Who is your favorite saint? It might be someone you are named after, someone whose heroic virtue inspires you, or someone you personally relate to for one reason or another. Last week we celebrated All Saints Day, but the reality is that the saints are always with us, showing us the way to happiness in heaven.
Fr. Edward Looney, a regular Morning Air® contributor, recently stopped by to discuss the lives of the saints, and how following in their footsteps can help us become saints ourselves.
Fr. Looney pointed out that saints are the best role models, saying, “If we put our faith in an earthly person – in the clergy, in a star, an athlete, or whoever, they might disappoint us. They might do something that discourages us. But the saints always sought to love God. And even in their life on earth, when they strayed a little bit they always came back to God. They always sought His mercy. They returned to that fountain of God’s mercy.”
“So if we put our hope in heaven, and in all of those surrounded by a great cloud of witnesses (as the Letter to the Hebrews says) – they won’t fail us. Their stories truly will be our inspiration.”
The stories of the saints can inspire us in our own journey of holiness. Whether it was a saint’s heroic charity, the way they prayed for others, the forgiveness they showed their persecutors, or how they served God, the lives of the saints is a deep well from which we can be inspired.

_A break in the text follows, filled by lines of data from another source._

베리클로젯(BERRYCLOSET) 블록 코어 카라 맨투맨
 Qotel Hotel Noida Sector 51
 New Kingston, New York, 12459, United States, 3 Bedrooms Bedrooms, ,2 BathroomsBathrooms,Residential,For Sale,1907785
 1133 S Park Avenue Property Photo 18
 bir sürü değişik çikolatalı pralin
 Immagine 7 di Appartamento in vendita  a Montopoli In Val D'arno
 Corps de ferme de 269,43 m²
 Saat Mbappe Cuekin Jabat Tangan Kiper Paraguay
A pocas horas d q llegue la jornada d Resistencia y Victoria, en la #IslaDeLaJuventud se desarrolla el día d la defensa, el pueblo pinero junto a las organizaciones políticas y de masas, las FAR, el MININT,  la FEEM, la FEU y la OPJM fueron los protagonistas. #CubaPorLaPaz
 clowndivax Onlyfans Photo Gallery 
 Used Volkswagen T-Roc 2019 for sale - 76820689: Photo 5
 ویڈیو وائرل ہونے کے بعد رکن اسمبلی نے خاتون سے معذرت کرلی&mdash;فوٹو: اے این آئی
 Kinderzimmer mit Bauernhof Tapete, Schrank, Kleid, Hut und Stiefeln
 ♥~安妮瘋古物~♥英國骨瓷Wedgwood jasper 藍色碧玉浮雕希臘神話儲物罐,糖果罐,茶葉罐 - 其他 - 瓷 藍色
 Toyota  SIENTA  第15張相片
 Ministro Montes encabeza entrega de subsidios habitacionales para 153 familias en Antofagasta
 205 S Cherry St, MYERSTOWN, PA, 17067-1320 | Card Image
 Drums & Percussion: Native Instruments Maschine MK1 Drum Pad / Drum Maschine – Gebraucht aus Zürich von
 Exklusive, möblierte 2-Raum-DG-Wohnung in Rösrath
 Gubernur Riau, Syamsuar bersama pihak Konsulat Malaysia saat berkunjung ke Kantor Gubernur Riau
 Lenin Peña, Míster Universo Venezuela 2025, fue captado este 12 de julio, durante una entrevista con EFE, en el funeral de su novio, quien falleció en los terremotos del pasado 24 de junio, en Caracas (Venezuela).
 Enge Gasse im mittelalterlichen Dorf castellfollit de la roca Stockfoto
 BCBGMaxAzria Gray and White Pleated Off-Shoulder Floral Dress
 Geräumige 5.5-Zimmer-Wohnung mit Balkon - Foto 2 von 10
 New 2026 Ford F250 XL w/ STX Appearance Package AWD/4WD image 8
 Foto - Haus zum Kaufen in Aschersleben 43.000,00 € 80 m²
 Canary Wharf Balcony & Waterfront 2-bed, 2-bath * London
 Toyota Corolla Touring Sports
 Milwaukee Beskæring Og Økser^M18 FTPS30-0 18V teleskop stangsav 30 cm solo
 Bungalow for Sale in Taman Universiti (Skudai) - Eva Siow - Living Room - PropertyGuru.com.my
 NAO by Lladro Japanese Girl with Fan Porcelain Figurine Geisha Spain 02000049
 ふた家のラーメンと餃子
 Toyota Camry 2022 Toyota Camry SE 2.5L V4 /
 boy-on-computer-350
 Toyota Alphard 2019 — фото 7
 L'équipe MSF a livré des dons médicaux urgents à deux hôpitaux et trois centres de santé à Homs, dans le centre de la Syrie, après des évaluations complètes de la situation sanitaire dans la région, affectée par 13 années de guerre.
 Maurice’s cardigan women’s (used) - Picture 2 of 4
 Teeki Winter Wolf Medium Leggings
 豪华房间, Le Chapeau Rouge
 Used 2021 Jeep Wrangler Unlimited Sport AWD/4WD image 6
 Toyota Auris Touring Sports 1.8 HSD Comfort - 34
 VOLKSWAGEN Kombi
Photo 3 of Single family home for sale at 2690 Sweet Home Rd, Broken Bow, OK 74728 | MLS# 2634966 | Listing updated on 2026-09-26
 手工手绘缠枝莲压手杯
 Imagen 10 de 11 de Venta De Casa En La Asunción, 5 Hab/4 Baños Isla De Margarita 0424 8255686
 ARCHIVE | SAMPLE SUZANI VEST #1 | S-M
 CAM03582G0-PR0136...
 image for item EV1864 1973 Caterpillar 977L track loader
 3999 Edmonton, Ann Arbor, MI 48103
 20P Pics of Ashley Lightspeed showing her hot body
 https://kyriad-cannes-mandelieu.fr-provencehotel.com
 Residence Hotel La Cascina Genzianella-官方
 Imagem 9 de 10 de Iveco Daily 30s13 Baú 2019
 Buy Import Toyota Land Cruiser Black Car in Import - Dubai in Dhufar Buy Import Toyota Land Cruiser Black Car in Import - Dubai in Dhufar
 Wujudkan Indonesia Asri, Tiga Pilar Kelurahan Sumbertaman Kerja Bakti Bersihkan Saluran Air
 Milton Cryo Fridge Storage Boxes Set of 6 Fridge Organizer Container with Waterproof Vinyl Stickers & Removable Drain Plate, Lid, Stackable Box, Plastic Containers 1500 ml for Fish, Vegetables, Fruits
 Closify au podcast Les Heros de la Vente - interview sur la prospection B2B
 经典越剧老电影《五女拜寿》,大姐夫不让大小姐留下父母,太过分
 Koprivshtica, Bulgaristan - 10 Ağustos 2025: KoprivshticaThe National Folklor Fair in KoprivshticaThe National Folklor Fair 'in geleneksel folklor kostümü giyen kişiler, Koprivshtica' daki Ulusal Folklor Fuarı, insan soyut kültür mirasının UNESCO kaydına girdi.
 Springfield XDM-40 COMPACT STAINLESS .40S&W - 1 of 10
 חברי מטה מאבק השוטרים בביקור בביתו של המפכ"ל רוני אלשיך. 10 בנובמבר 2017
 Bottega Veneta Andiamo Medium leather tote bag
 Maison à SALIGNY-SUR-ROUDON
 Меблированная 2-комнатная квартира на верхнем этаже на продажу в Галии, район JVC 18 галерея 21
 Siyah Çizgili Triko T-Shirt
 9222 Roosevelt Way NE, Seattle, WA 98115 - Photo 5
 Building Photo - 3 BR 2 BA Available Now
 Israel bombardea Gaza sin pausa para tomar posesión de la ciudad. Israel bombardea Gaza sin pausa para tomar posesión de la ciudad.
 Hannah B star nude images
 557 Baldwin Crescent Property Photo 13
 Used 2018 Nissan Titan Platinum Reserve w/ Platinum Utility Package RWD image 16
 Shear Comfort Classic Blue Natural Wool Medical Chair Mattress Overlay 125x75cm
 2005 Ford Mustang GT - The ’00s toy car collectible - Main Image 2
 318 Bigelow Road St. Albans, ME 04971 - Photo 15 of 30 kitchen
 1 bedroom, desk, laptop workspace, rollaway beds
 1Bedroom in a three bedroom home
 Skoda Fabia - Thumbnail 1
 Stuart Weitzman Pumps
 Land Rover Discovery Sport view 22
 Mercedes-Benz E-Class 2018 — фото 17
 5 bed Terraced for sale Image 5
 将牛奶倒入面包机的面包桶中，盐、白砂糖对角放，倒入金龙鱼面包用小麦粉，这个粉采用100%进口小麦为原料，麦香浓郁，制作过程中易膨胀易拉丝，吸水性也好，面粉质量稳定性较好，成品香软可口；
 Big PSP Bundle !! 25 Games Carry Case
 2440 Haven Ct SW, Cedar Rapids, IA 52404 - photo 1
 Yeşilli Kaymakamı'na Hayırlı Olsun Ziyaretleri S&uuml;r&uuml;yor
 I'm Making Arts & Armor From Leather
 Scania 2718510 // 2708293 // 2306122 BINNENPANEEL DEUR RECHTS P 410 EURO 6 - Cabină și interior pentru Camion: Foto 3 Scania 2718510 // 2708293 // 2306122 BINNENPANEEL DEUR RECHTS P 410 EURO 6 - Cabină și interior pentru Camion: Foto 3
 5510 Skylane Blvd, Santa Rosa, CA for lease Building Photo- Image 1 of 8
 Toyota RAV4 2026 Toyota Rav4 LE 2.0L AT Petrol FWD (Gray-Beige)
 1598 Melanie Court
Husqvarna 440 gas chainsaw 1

“I think of the saints, the wisdom of these holy men and women,” Fr. Looney said. “When we learn it, when we hear it, when we begin to practice it, it changes us and our attitude. It makes us into the saints of today.”
The greatest hope for our lives should be to be a saint. So what will your saint story be? How can your life inspire others to holiness – now and for generations in the future?
Fr. Looney recognized, “I’m writing my own sainthood story. I’m not to the gates of heaven yet, I have life left to live. How am I going to write that story?”
“This pandemic that we’re in right now really presents us with the opportunity to respond to God’s grace,” he noted. “We realize that God is still at work, God is still calling, He is still inviting. And maybe we have to respond in a different way than we used to respond, but we just have to believe that God is still calling and inviting us right now.”